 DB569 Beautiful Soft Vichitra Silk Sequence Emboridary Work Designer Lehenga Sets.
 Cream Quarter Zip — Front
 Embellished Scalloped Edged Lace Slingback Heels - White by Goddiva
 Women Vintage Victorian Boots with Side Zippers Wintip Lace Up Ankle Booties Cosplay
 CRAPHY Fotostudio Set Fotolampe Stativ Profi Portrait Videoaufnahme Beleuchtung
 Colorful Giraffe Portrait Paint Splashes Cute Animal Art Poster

==

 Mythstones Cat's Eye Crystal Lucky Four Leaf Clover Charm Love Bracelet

> Your instructions
In the listing above, the lines from the one containing "Women Vintage Victorian" through the one containing "Colorful Giraffe Portrait" must be set down exactly, with no other lines.

> Solution to this task
 Women Vintage Victorian Boots with Side Zippers Wintip Lace Up Ankle Booties Cosplay
 CRAPHY Fotostudio Set Fotolampe Stativ Profi Portrait Videoaufnahme Beleuchtung
 Colorful Giraffe Portrait Paint Splashes Cute Animal Art Poster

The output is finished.